Twice as many Catholics believe diplomacy rather than military strength is the best way to ensure peace; evangelicals are split.
After World War II, the United States led the world not just because we were the strongest nation militarily, but also because we were the most effective diplomatically. The political structure of the postwar world was the result of our diplomatic leadership. As the Cold War ended and the Soviet bloc disintegrated, skillful diplomacy by the first President Bush and his team helped those events occur with as little bloodshed as they did.

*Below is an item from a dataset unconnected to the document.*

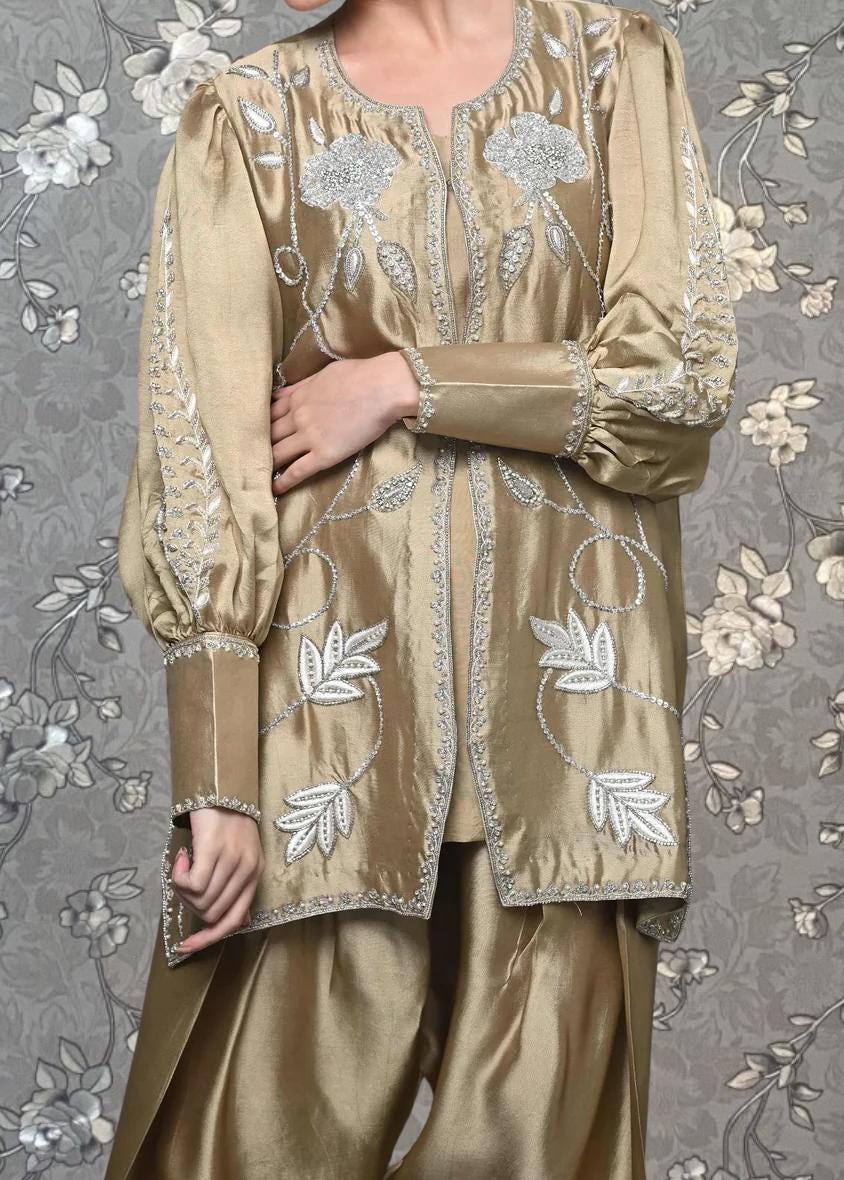 A person wearing a gold-colored dress with intricate embroidered designs, standing against a gray floral background.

Christians are required to be peacemakers. Diplomacy at its best is international peacemaking. That so many Christians have lost any sense whatsoever of the tragedy of war and the value of skillful diplomacy is a great scandal. But we are a nation weary of war after the long slog in Iraq and the deepening problems in Afghanistan. Let us hope that skillful problem-solving over the next few years will renew both a national and a Christian valuing of diplomacy.

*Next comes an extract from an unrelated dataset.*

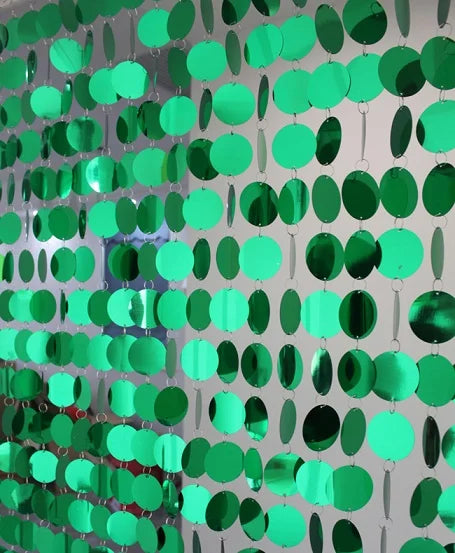 Green circular sequin curtain on a gray background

All religious groups rank the economy as the top issue and blame institutions rather than individuals for our economic crisis. Asked who they think is responsible for the current economic crisis, 38 percent say corporations, 31 percent say negligent government and 25 percent say individuals who were careless.
Yes, it was all of the above. Greed and carelessness in the private sector, aided and abetted by negligent government oversight, contributed to the collapse of our economic house of cards. Free-market capitalism is a powerful engine of wealth creation, but one that devours itself without careful self-restraint, far-sighted corporate leadership and vigilant government regulation and oversight. We dare not look entirely to government for the answer to this crisis, which is as much a cultural problem as an economic or policy concern.
The Sarah Palin nomination resulted in a net loss for the GOP ticket. Her nomination increased support among fewer than one-third of white evangelicals, and decreased support among every other religious group and political independents.
This number may be the single best confirmation of my thesis that there is a (white) evangelical right, center, and left, with the center and left together being at least as large as the right, and often looking at politics and policy in very different ways than the right. Whatever else one may say about Gov. Palin, her nomination did not mobilize “evangelical” voters universally for the GOP. It mobilized one-third of them — basically, a majority of the Christian Right. Everyone else was mobilized away from the GOP by her performance as nominee.
There is no evangelical vote, no single evangelical politics. Even just within the white population of the broader evangelical family, we are politically divided. No single person, group, or party can speak for all evangelicals. This election has once again confirmed this basic but important observation.